Lindorm provides the wide table engine (LindormTable) that can automatically separate hot data and cold data based on your requirements. LindormTable archives cold data in cold storage and store hot data in hot storage based on the specified boundary.

Background information

In big data scenarios, business data such as order data and monitoring data grows over time and requires a large storage space. At the same time, large amounts of historical data is archived and rarely used. Enterprises require a cost-effective storage method to store this type of data to reduce costs. To help enterprises reduce storage costs for cold data and separate hot data and cold data in a simple manner, LindormTable provides the hot data and cold data separation feature. This way, hot data and cold data can be stored in different storage media. The unit price of cold storage is only 20% of the unit price of standard storage that is used to store hot data.

LindormTable can automatically separate hot data and cold data in the same wide table based on the boundary that you specify, and archive cold data in cold storage. You can write data to or query data from a wide table that separately stores hot data and cold data in a manner that is almost the same as the manner in which you write data to or query data from a standard table. When you query data from a table that separately stores hot data and cold data, you can specify a hint or a time range. Lindorm determines whether to scan hot data or cold data based on the hint or time range that you specify. This is an automated process that is transparent to you.

How it works

LindormTable determines whether the data that is queried is cold data based on the timestamp when the data is written to the table and the hot data and cold data boundary that you specify. LindormTable stores new data in hot storage and then transfers the data to cold storage after the age of the data exceeds the hot data and cold data boundary. You can change the hot data and cold data boundary based on your business requirements. Data can be transferred from cold storage to hot storage or from hot storage to cold storage.

Prerequisites

Specify a hot data and cold data boundary for a table

You can change the value of the COLD_BOUNDARY parameter to change the boundary for hot data and cold data separation. The unit of the value of the COLD_BOUNDARY parameter is seconds. For example, if the value of the COLD_BOUNDARY parameter is 86400, data is archived to cold storage after the data is stored in hot storage for 86,400 seconds, which is equal to one day.

Note You do not need to set the storagetype property of the table or column family to COLD for hot data and cold data separation. If the storagetype property of the table or column family is set to COLD, remove the property. For more information, see Introduction to the cold storage feature.

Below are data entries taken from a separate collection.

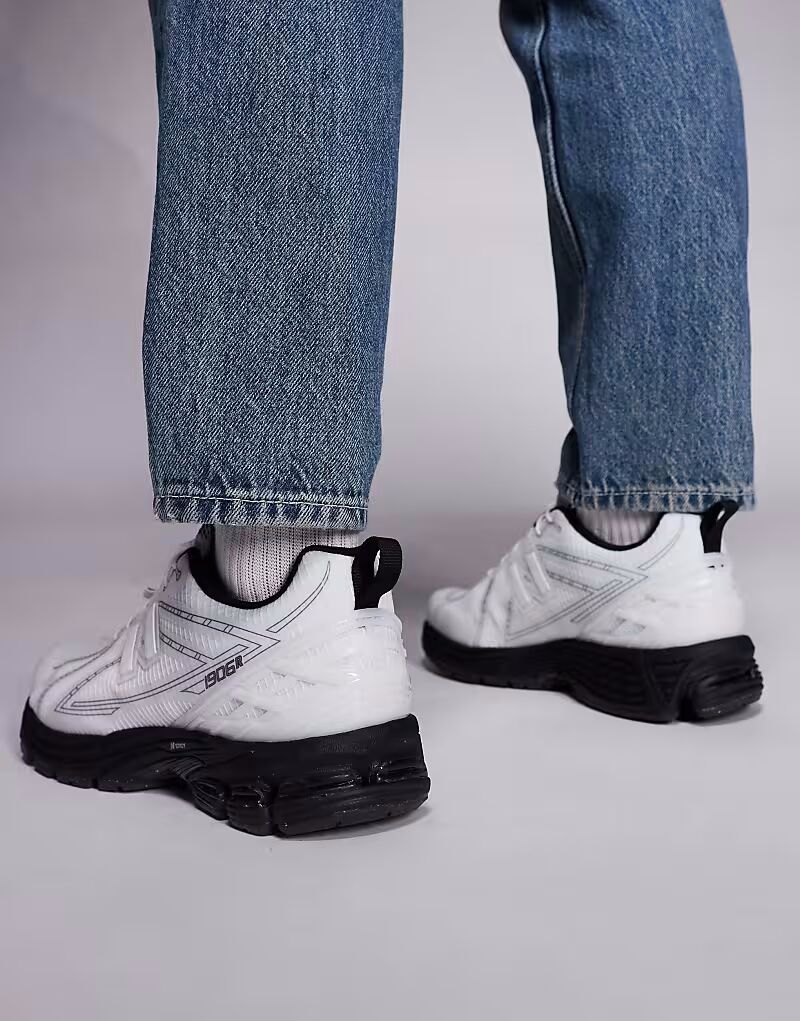 Кроссовки унисекс 1906 с застежкой-молнией в белом и черном цвете New Balance — фото 3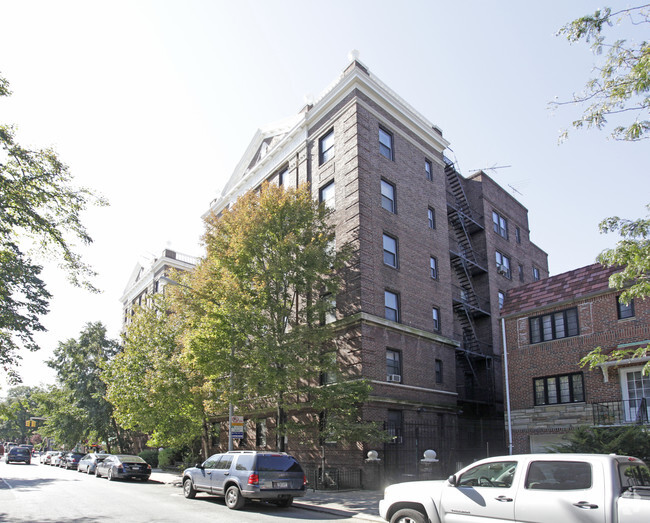 Building Photo - Georgian Hall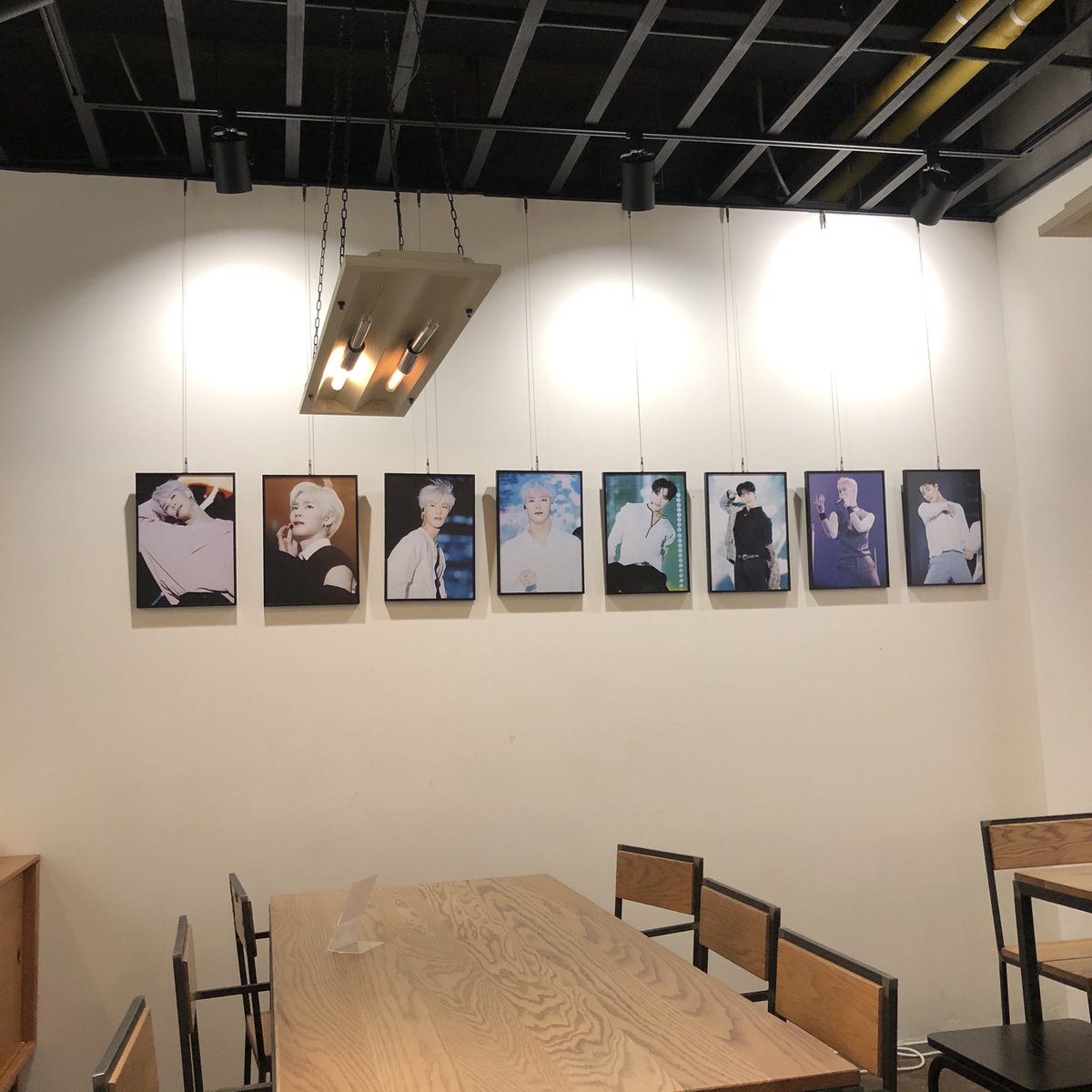 Binmoon_dal's tweet photo. 6. 커피부스 #odetomoonbin 
#내모든것_나의전부_빈이
#가장_소중한_달에게
오드님 영상회 못 간 마음 카페에서 다 풀고 온 것 같아요🔮 빈스퀵 달 너무 예뻐서 먹기 아까운 마음,, 오드님 사진 언제 봐도 너무 감동적인 것🤣 잘 즐기고 왔습니다🙏🏻 예뻐요 예뻐! https://t.co/SXt81uBXVU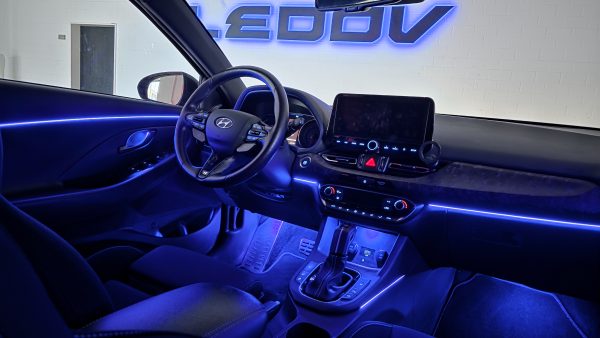 Hyundai I30/I30N Ambiente inkl. Einbau im Hyundai i30N – stilvoll & modern mit professionellem Einbau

The following list describes the methods that can be used to configure hot data and cold data separation:

  • Method 1: Use Apache HBase Shell
    // Create a table that separately stores hot data and cold data.
    HBase(main):002:0> create 'chsTable', {NAME=>'f', COLD_BOUNDARY=>'86400'}
    // Disable the hot data and cold data separation feature.
    HBase(main):004:0> alter 'chsTable', {NAME=>'f', COLD_BOUNDARY=>""}
    // Enable the hot data and cold data separation feature or change the hot data and cold data boundary for an existing table. The unit of the value of the hot data and cold data separation boundary is seconds.
    HBase(main):005:0> alter 'chsTable', {NAME=>'f', COLD_BOUNDARY=>'86400'}
  • Method 2: Use ApsaraDB for HBase API for Java
    // Create a table that separately stores hot data and cold data.
    Admin admin = connection.getAdmin();
    TableName tableName = TableName.valueOf("chsTable");
    HTableDescriptor descriptor = new HTableDescriptor(tableName);
    HColumnDescriptor cf = new HColumnDescriptor("f");
    // The COLD_BOUNDARY parameter specifies the boundary for hot data and cold data separation. Unit: seconds. In this example, data is archived to cold storage after the data is stored for one day.
    cf.setValue(AliHBaseConstants.COLD_BOUNDARY, "86400");
    descriptor.addFamily(cf);
    admin.createTable(descriptor);
    
    // Disable the hot data and cold data separation feature.
    // You must perform a major compaction operation before you move data from cold storage to hot storage.
    HTableDescriptor descriptor = admin
        .getTableDescriptor(tableName);
    HColumnDescriptor cf = descriptor.getFamily("f".getBytes());
    // Disable the hot data and cold data separation feature.
    cf.setValue(AliHBaseConstants.COLD_BOUNDARY, null);
    admin.modifyTable(tableName, descriptor);
    
    // Enable the hot data and cold data separation feature or change the hot data and cold data boundary for an existing table.
    HTableDescriptor descriptor = admin
        .getTableDescriptor(tableName);
    HColumnDescriptor cf = descriptor.getFamily("f".getBytes());
    // The COLD_BOUNDARY parameter specifies the boundary for hot data and cold data separation. Unit: seconds. In this example, data is archived to cold storage after the data is stored for one day.
    cf.setValue(AliHBaseConstants.COLD_BOUNDARY, "86400");
    admin.modifyTable(tableName, descriptor);
  • Method 3: Use the Lindorm CQL shell

    You can use the Lindorm CQL shell to specify a hot data and cold data separation policy for a wide table in LindormTable.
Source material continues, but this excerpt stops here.